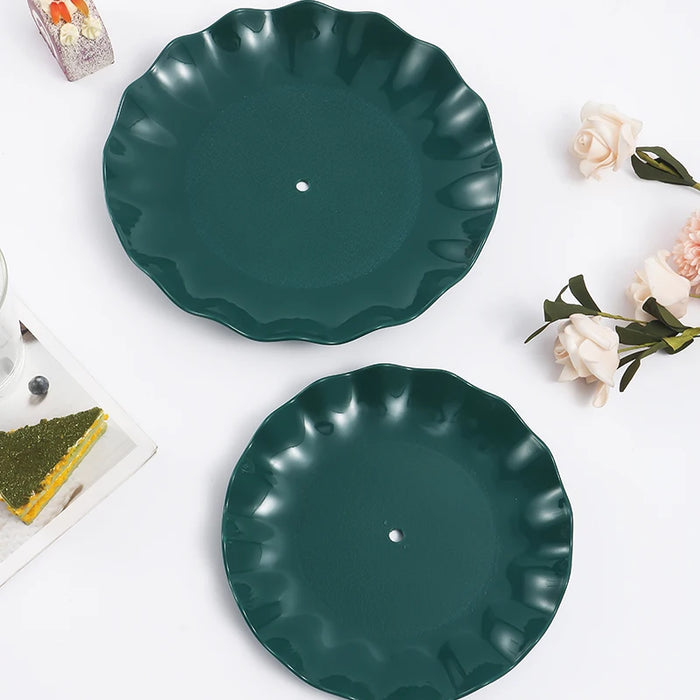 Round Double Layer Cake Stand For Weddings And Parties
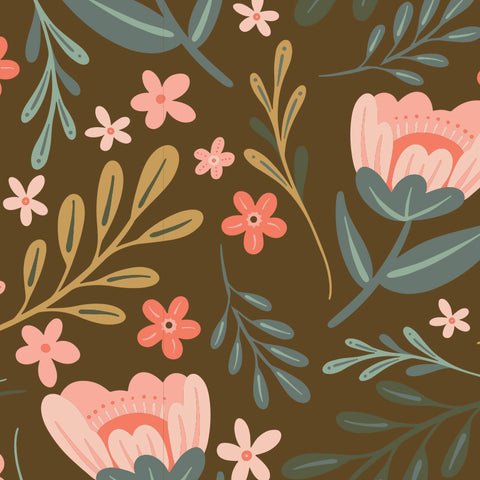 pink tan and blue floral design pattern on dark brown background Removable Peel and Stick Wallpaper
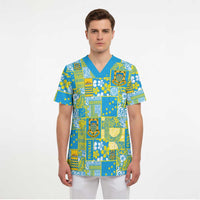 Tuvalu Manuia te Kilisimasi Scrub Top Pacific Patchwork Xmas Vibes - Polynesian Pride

——————

▶ Work item:
Beginning with the line that contains "pink tan and", write out the remaining lines of the listing above through the last, exactly and only those, without pictures.

▶ Solved problem:
 pink tan and blue floral design pattern on dark brown background Removable Peel and Stick Wallpaper
 Tuvalu Manuia te Kilisimasi Scrub Top Pacific Patchwork Xmas Vibes - Polynesian Pride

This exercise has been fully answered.